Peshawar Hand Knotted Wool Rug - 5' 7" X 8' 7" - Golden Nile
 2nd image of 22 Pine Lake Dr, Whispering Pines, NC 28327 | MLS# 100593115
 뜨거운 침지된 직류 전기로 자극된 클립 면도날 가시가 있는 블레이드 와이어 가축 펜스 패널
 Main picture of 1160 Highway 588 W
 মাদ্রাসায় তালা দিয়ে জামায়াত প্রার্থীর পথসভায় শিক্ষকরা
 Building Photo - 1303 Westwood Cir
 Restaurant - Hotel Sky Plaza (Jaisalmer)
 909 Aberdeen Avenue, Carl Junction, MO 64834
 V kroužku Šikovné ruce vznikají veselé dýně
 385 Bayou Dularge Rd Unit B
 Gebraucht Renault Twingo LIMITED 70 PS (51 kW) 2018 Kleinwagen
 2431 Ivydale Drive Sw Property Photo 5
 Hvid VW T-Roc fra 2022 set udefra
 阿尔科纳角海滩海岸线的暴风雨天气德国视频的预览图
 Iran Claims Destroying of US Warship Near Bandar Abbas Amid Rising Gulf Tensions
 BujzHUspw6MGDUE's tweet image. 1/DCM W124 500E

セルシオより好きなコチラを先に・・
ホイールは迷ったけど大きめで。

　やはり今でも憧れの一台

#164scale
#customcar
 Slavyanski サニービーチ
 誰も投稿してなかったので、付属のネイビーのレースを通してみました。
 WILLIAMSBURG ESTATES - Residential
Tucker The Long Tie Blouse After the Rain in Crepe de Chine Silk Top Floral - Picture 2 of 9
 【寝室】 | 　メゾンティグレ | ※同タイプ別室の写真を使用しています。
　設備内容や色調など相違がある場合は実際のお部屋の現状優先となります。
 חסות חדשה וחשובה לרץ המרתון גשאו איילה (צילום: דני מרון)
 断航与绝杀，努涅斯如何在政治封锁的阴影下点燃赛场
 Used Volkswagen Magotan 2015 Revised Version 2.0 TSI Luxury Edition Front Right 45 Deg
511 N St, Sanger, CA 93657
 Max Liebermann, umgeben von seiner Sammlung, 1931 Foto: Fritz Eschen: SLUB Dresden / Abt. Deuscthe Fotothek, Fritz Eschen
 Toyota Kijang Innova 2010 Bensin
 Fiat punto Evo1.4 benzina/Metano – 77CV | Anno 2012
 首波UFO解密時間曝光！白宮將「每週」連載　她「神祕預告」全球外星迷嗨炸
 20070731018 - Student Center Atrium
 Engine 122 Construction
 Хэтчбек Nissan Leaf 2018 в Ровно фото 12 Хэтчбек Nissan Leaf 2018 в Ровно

> [YOUR TASK]
Return word for word the lines above from the line with "Slavyanski サニービーチ" to the line with "設備内容や色調など相違がある場合は実際のお部屋の現状優先となります。", including both and leaving out all others.

> [FINISHED EXERCISE]
 Slavyanski サニービーチ
 誰も投稿してなかったので、付属のネイビーのレースを通してみました。
 WILLIAMSBURG ESTATES - Residential
Tucker The Long Tie Blouse After the Rain in Crepe de Chine Silk Top Floral - Picture 2 of 9
 【寝室】 | 　メゾンティグレ | ※同タイプ別室の写真を使用しています。
　設備内容や色調など相違がある場合は実際のお部屋の現状優先となります。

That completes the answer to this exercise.